**Directions**
Would you copy only the lines below, from the one containing "101 Inspiring Stories" through the very last one, leaving the pictures out?

(Scraped caption text data)
● ● ●
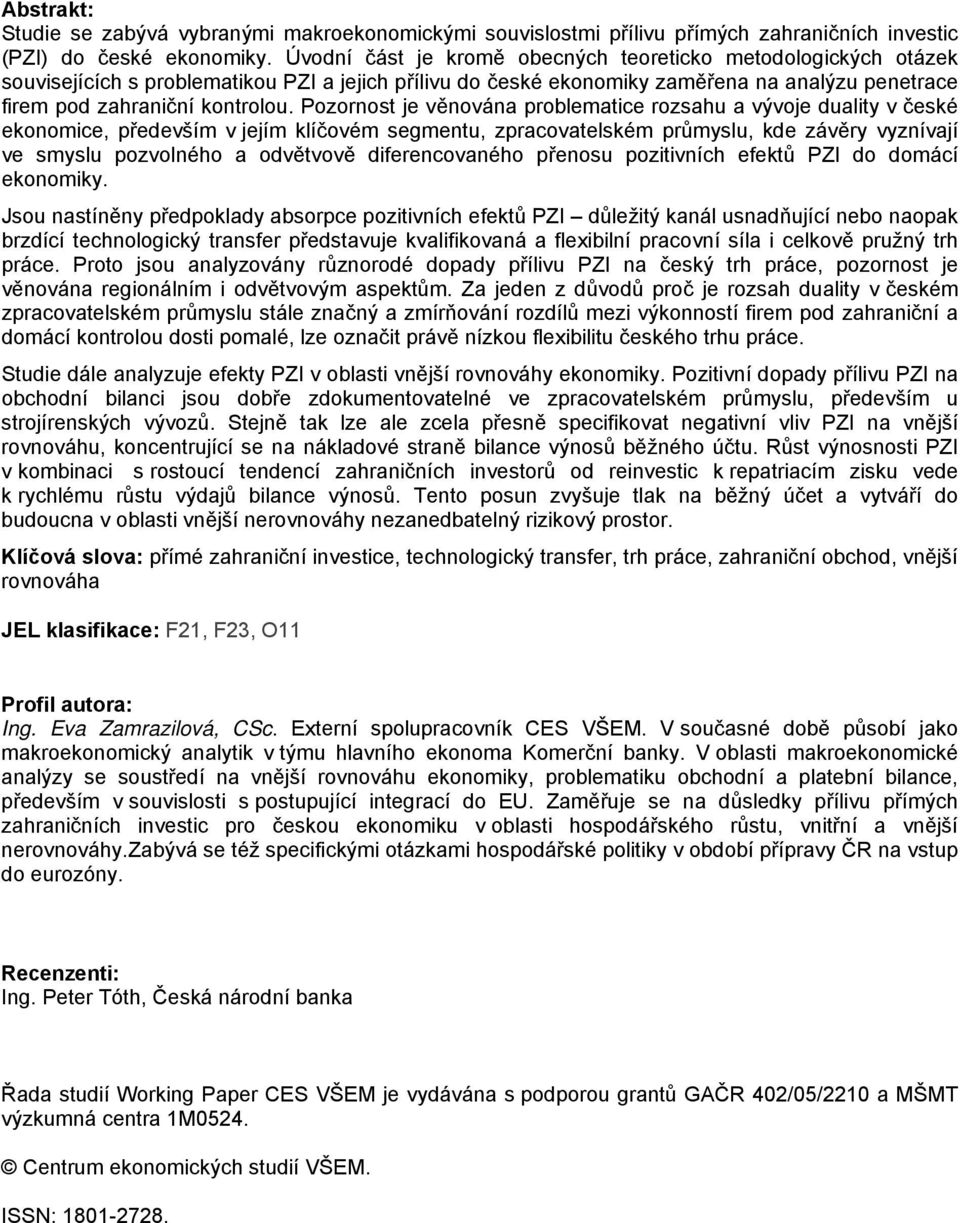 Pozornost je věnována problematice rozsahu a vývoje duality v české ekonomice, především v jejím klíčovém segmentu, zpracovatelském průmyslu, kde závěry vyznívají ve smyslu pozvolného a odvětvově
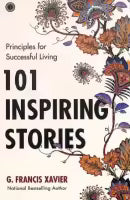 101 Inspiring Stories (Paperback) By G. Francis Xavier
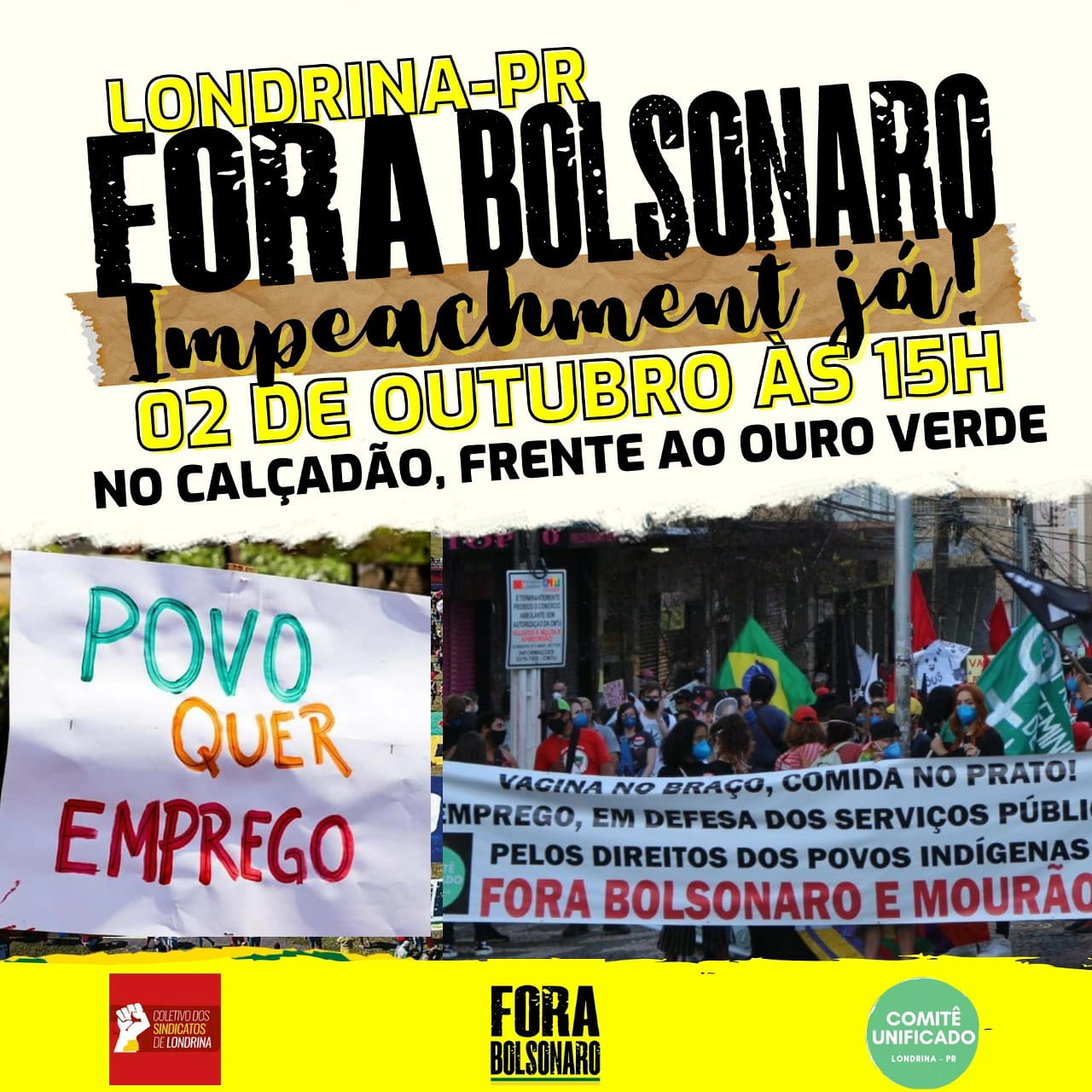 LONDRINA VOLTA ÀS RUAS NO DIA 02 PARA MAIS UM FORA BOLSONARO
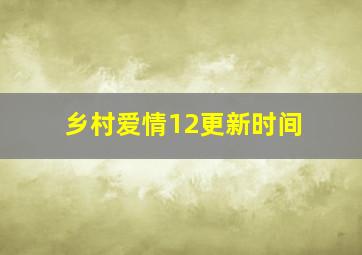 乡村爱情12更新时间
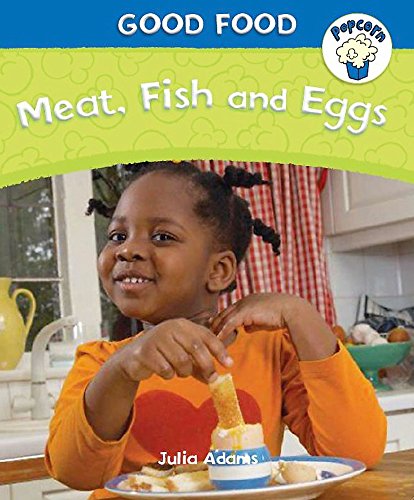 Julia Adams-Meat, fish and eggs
● ● ●
**Answer to the exercise**
 101 Inspiring Stories (Paperback) By G. Francis Xavier
 LONDRINA VOLTA ÀS RUAS NO DIA 02 PARA MAIS UM FORA BOLSONARO
 乡村爱情12更新时间
 Julia Adams-Meat, fish and eggs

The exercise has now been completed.